* WHAT TO PRODUCE:
Please print exactly the lines from the one containing "this 1456×819 image." through the last line of the records, and only those. Leave out any pictures.

>>>>

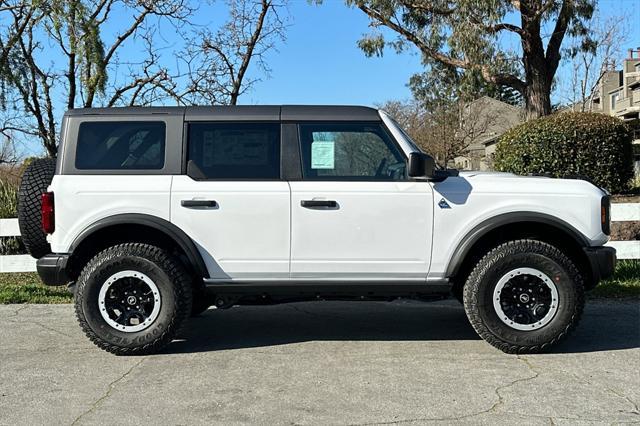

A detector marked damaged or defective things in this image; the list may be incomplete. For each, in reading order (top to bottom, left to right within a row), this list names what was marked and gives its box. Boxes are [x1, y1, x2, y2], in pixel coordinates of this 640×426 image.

cracked asphalt [0, 298, 636, 424]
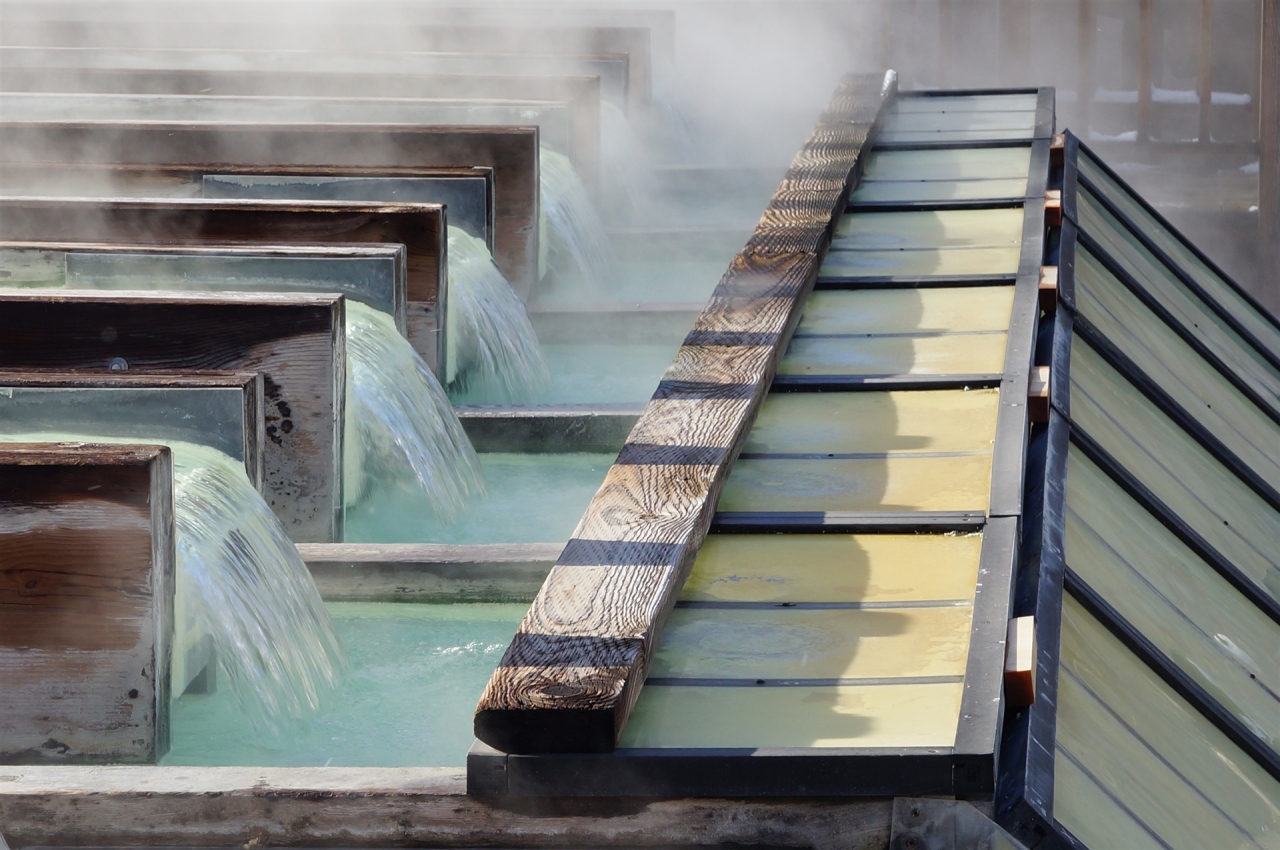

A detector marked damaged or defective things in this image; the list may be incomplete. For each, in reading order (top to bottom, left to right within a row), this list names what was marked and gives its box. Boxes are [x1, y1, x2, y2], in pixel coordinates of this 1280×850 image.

rusty stain on wood [0, 445, 172, 762]
rusty stain on wood [471, 71, 890, 752]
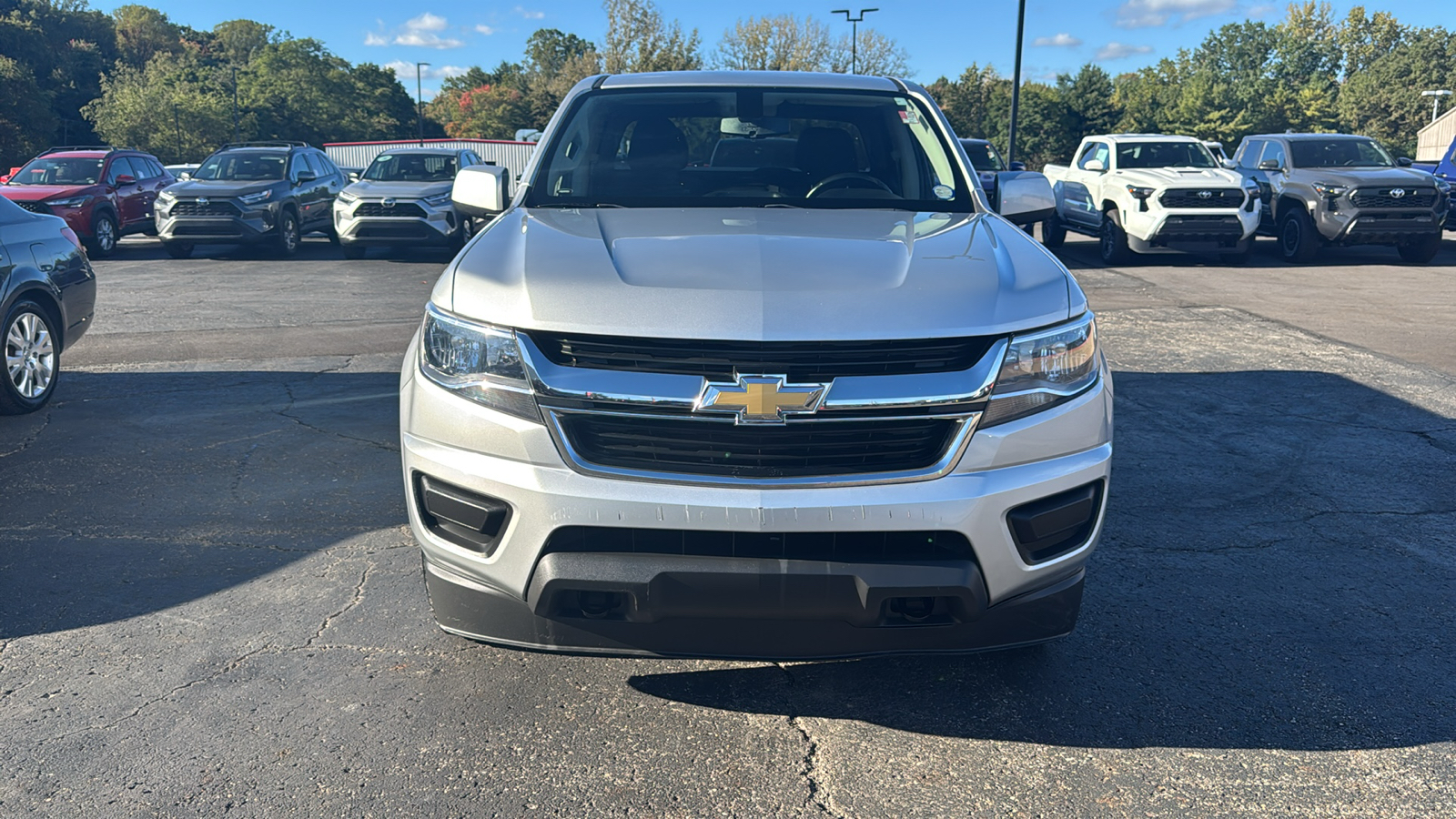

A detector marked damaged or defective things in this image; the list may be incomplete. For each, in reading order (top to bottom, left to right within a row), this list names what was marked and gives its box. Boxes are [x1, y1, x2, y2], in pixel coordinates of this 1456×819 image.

cracked asphalt [0, 233, 1449, 815]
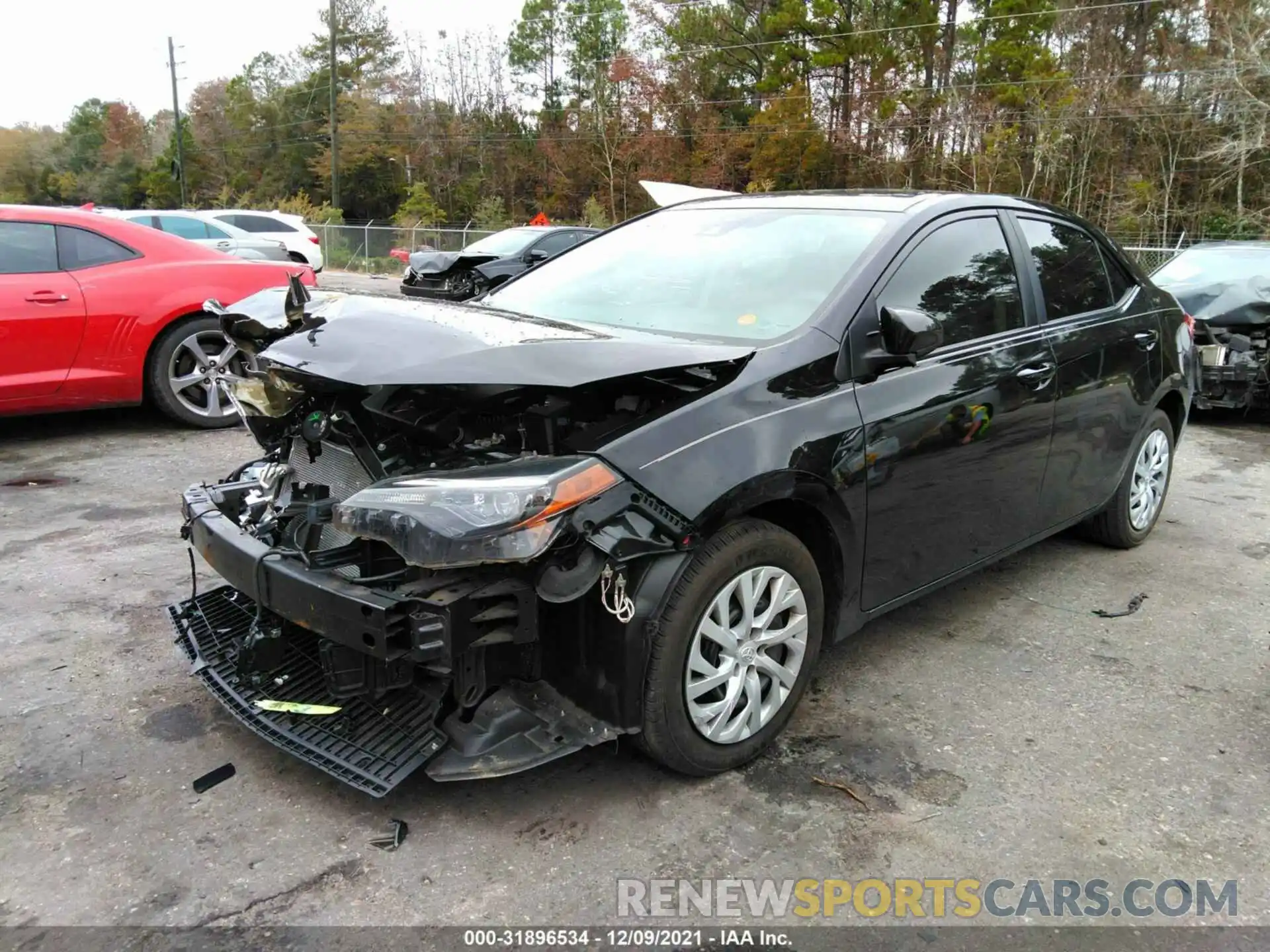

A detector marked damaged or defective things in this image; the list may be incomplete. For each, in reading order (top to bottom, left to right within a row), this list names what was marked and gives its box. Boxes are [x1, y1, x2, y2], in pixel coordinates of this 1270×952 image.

<<<<

* EXERCISE SOLUTION:
A detector marked damaged or defective things in this image; the list may be incomplete. For each, in reading order (top to bottom, left to right within a row), this list names what was marked and gives its box. Boxes are [x1, y1, x2, y2], in pixel coordinates of this 1456×819 image.

cracked asphalt [0, 233, 1449, 815]

A detector marked damaged or defective things in this image; the list may be incomplete. For each, in reading order (top to bottom, left to right within a row), this list names what was marked and gives its box. Boxes are [x1, y1, x2, y2], in pixel coordinates of this 1270×952 image.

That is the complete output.